--- START ---

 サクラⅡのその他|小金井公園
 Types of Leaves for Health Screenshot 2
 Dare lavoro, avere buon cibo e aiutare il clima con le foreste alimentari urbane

--- END ---

> _What this task involves_:
With no word added or dropped, repeat the entire listing.

> _Written response_:
 サクラⅡのその他|小金井公園
 Types of Leaves for Health Screenshot 2
 Dare lavoro, avere buon cibo e aiutare il clima con le foreste alimentari urbane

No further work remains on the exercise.